There has since been an additional meaning for pumpkin buckets of a similar colour, as blue ones when trick-or-treating can be used by children to indicate that they have autism. As noted by the National Autism Association, the meaning behind the blue buckets was first shared by mother Alicia Plumer on social media.
“If you see someone who appears to be an adult dressed up to trick-or-treat this year carrying this blue bucket, he’s our son! His name is BJ & he is autistic. While he has the body of a 21 year old, he loves Halloween,” she posted on Facebook, as noted in a blog post shared by the National Autism Association. “Please help us keep his spirit alive & happy. So when you see the blue bucket share a piece of candy. Spread awareness! These precious people are not ‘too big’ to trick or treat.”
At the time, Plumer’s post received a lot of attention from fellow parents who have children with autism, and Target even partnered with the National Autism Association in 2020 to sell blue Halloween buckets. The organisation’s blog post also acknowledged that the buckets could be helpful for children of all ages with autism, “especially for the more severely affected kids who are nonspeaking, and for older kids who may appear to function at a lower cognitive age level”.
“Some kids can’t say ‘Trick or Treat’ or ‘thank you,’” the post reads. “They may not be able to make eye contact, and could also have sensory issues that prevent them from wearing an elaborate costume.”

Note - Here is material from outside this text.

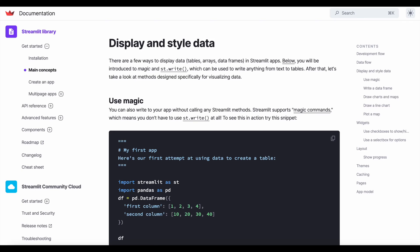The Streamlit Write method, or st.write for short, is one of the most powerful Streamlit features used for displaying and styling data. st.write can take different types of data as input and figure out the right way to display them. The supported data types include text strings, data frames, figures, charts, objects, models, and many more.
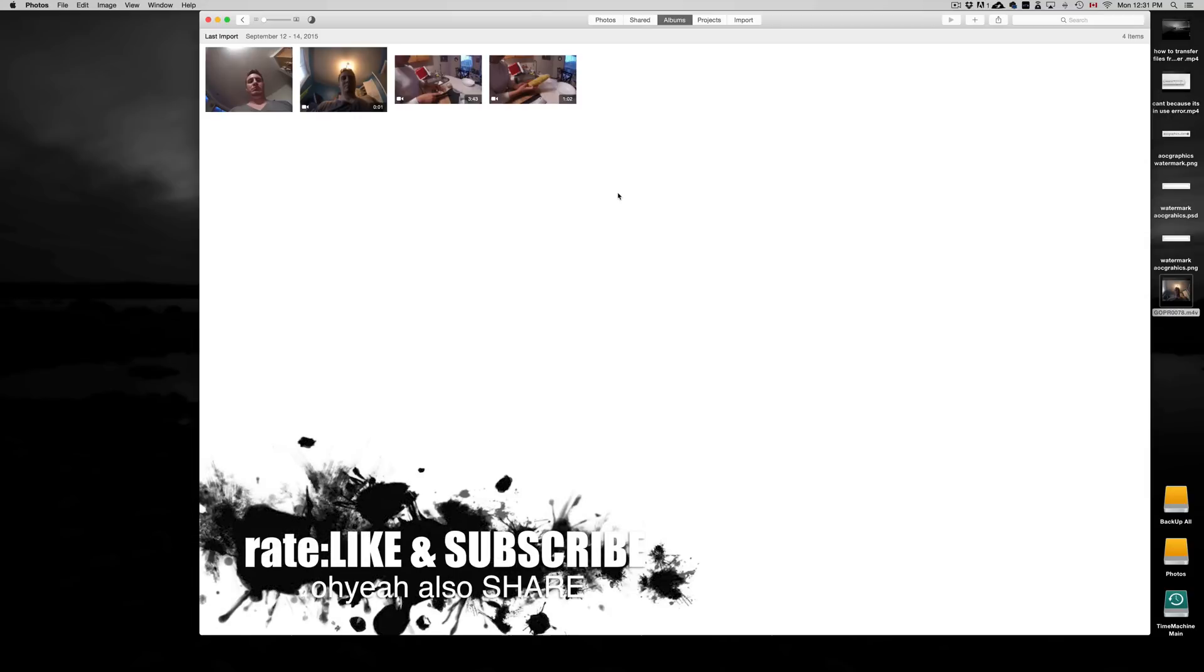If you guys have any questions or comments, you can write them down here below in the comments area. And don't forget to subscribe and rate. Thank you.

According to the NHS, people with autism tend to have problems with social interaction and communication.
However, the buckets have also been viewed as controversial over the years. The National Autism Association acknowledged that “some strongly disagree with the practice, citing that it sets our kids apart and could even make them a target for abuse”.
Ultimately, just like every Halloween, parents can still decide for themselves if they want their children to use the blue buckets when trick-or-treating.